_What this task involves_:
Begin at the line that holds "Amazon: From Online" and copy each line exactly until the data below ends, including that last line but no pictures.

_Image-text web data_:
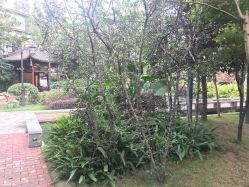 点击看大图 -莲生母婴月子中心(清水河公园店)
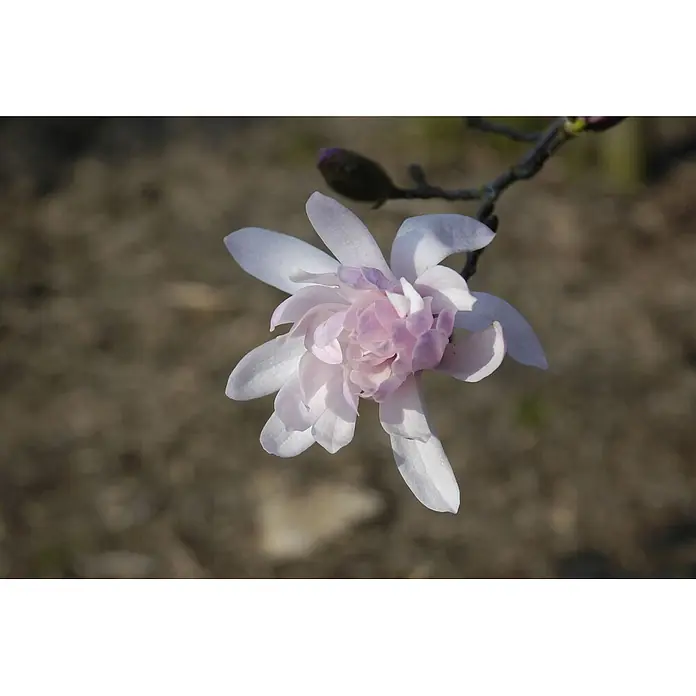 Pflanzen für dich Magnolie 15-20 cm - Magnolia stellata 'Rosea', Aktuelle Wuchshöhe: 15 cm - 20 cm - Hellrosa und weiße Blüte mit mehreren Blütenblättern an einem Ast, mit einer Knospe im Hintergrund.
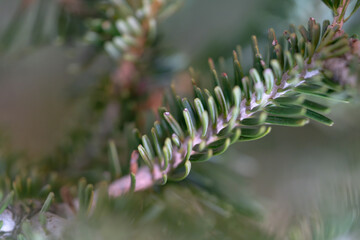 Close-up of fresh fir tree needles with natural soft focus and gentle light. Ideal for Christmas backgrounds, holiday themes, winter mood, nature textures, and seasonal designs.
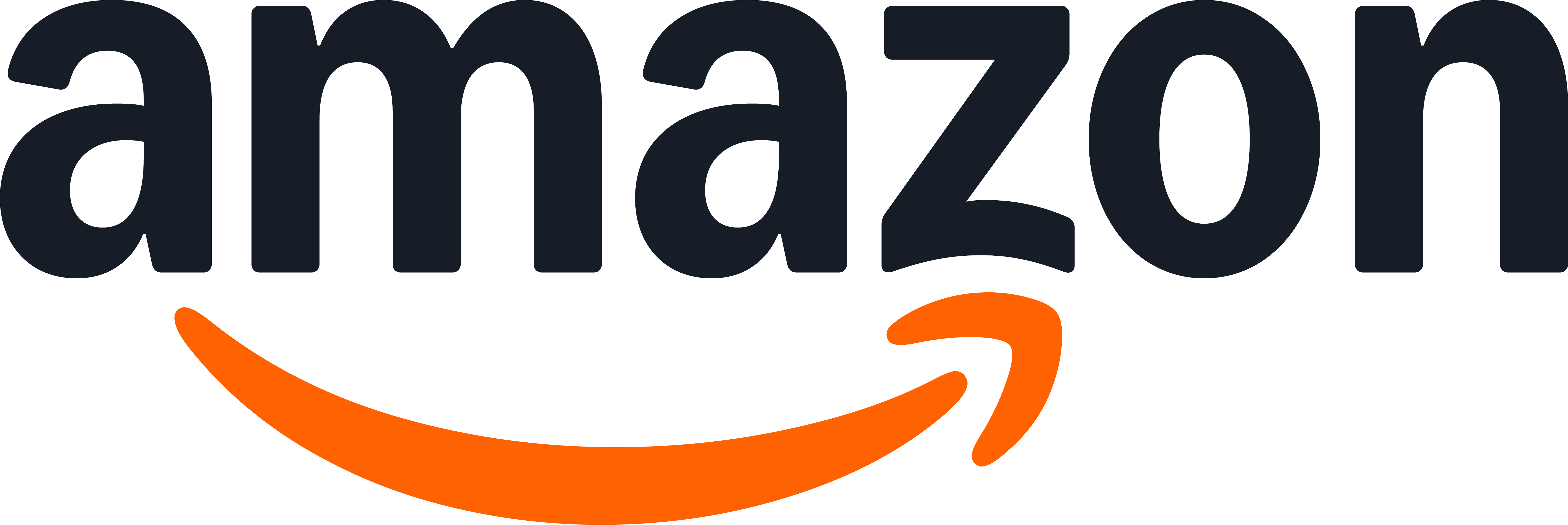 Amazon: From Online Bookstore to Global Technology and Commerce Platform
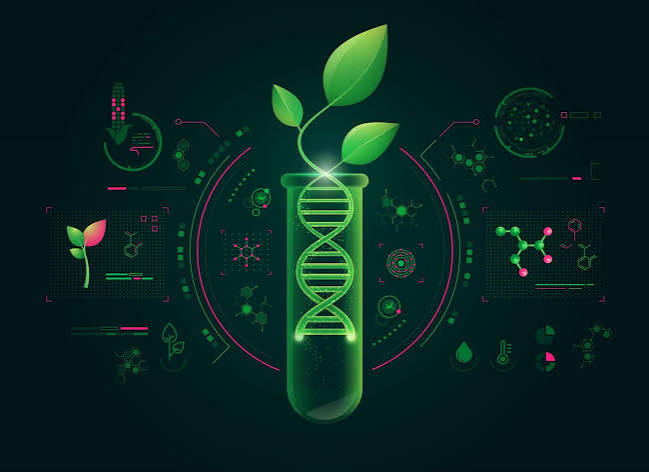 The Role of Biotechnology in Agriculture - Agritech Digest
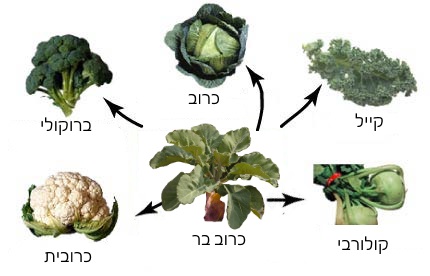 מגוון הגידולים החקלאיים שפותחו מכרוב הבר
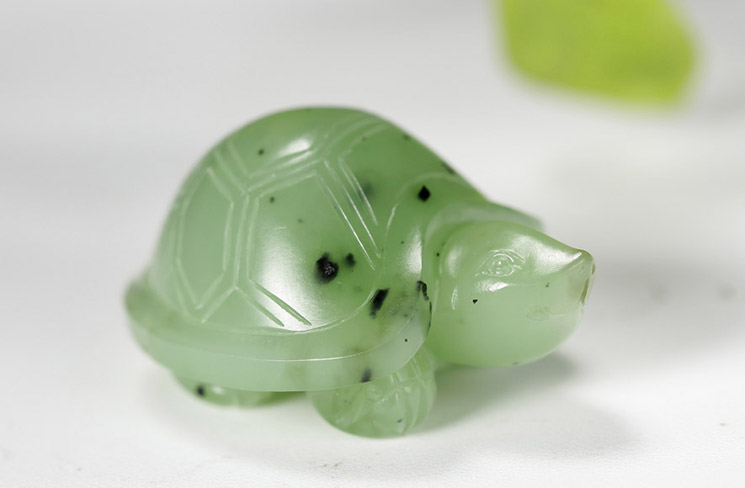 怀孕之人梦见乌龟，寓意深远，福祸相依的梦境解析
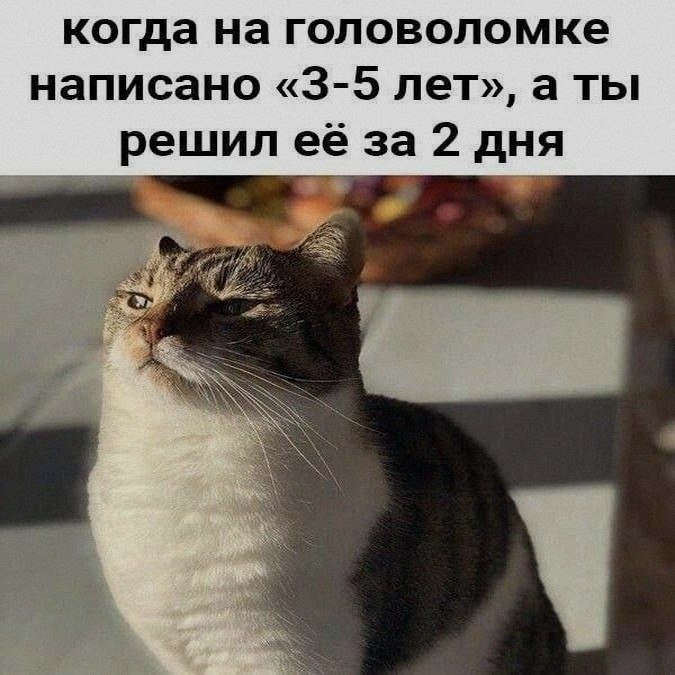 Ночная подборочка
Спать, режим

_Output below_:
 Amazon: From Online Bookstore to Global Technology and Commerce Platform
 The Role of Biotechnology in Agriculture - Agritech Digest
 מגוון הגידולים החקלאיים שפותחו מכרוב הבר
 怀孕之人梦见乌龟，寓意深远，福祸相依的梦境解析
 Ночная подборочка
Спать, режим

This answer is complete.